Wednesday, August 10, 2011

"Let me lead..."

You never know when God is going to speak to you... Two weeks ago, the setup for His voice began while I was dancing a Brazilian dance with a random man in Chicago’s Grant Park.

I can’t believe I just typed that. This is because: a) I’m not much of a dancer. I do love music, and can keep a pretty good beat, yet Norwegian-blooded people aren’t typically known for their dancing exhibitions... And, b) I’m not one to hang out with random men in Chicago – or anywhere.

This was a special night, however, as the family girls had gathered for a weekend in Chicago and we were excited about having some dancing fun together. I’m not sure exactly how it happened, but I do know that I ended up moving to the beat (sort of), on the huge wooden dance floor, under the sky-scraper-studded Chicago night sky. Well, the next thing I knew, I was paired with this stranger, who actually knew this hip-swinging, partner-twirling, Brazilian dance, which, clearly, I did not.

There was no dancing (or other) chemistry between us, but he did kindly try to lead me through the steps and twirls, and in the short while we danced, I bet he smiled and said at least four or five times: “Just let me lead.” One of the last times he said it I wondered if he actually thought I had control issues. And then I wondered if I did...
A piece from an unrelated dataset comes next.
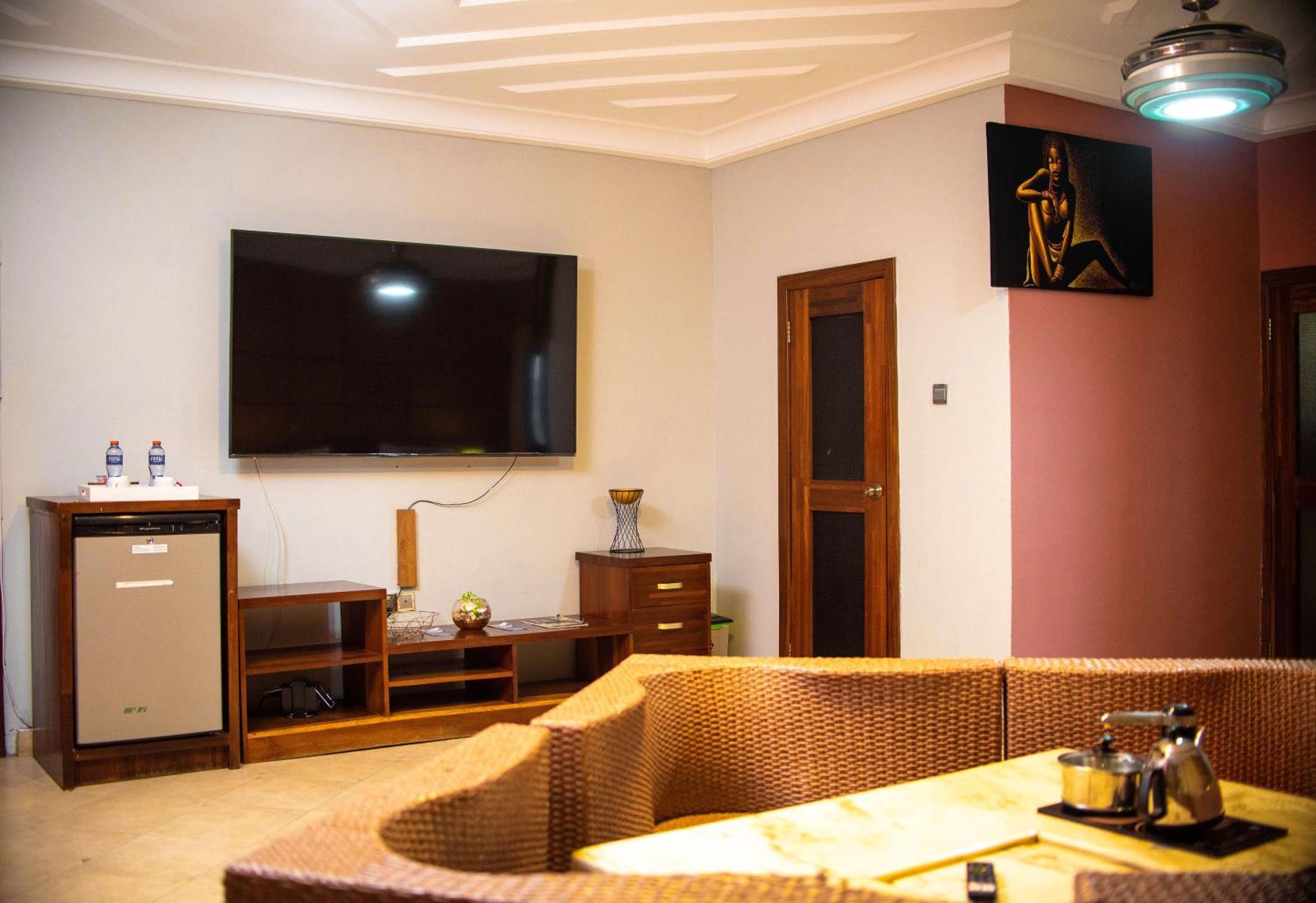 Triple Hill Hotel Weija 외부 사진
Well, later that night – while fast asleep, safely back at the condo – I had a dream. I dreamed that I was again dancing with this guy, and after hearing over and over, “Just let me lead,” I suddenly and totally released myself to his lead, and…..twirled around and around, dancing perfectly, like I had never danced before in my life! It was so much fun. And I couldn’t believe how well I was dancing! It really worked when I let him lead.

Then, still in my dream, I thought, “Hmm, this must be what God wants me to do. He wants me to simply, and totally, let Him lead. And…I wonder what that would be like? Would I be able to do things that I’ve never been able to do before?” And the final thought, still in my dream: “I should blog about this.”
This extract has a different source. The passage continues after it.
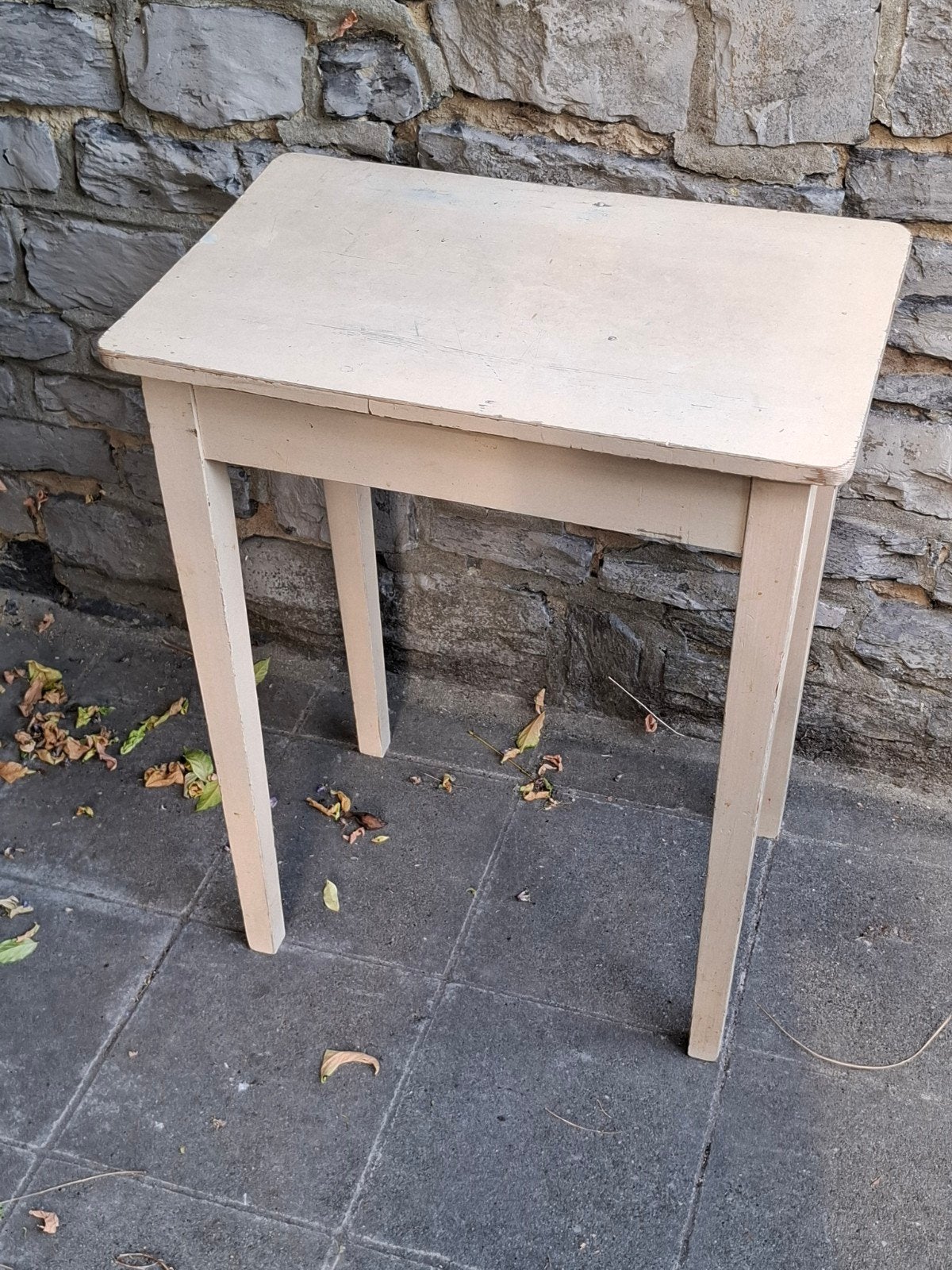 PETITE TABLE ANCIENNE EN BOIS PEINT, Ophalen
I’m not too surprised that since that night in Chicago I have heard God’s voice over and over say to me, “Just let me lead.” And as I, more and more, release myself to His leading – release my fretting and my seeking to control things – it becomes more and more fun, and things seem to go better and better. I’m not saying that all is lovely, and that everything is turning out perfectly, but relaxing and allowing my Lord to lead is bringing me new peace and confidence in the day to day steps and struggles of life.

I’ve told a few friends this story, and they said they were blessed by it. I decided it was time to agree with the thought in my dream and blog about it.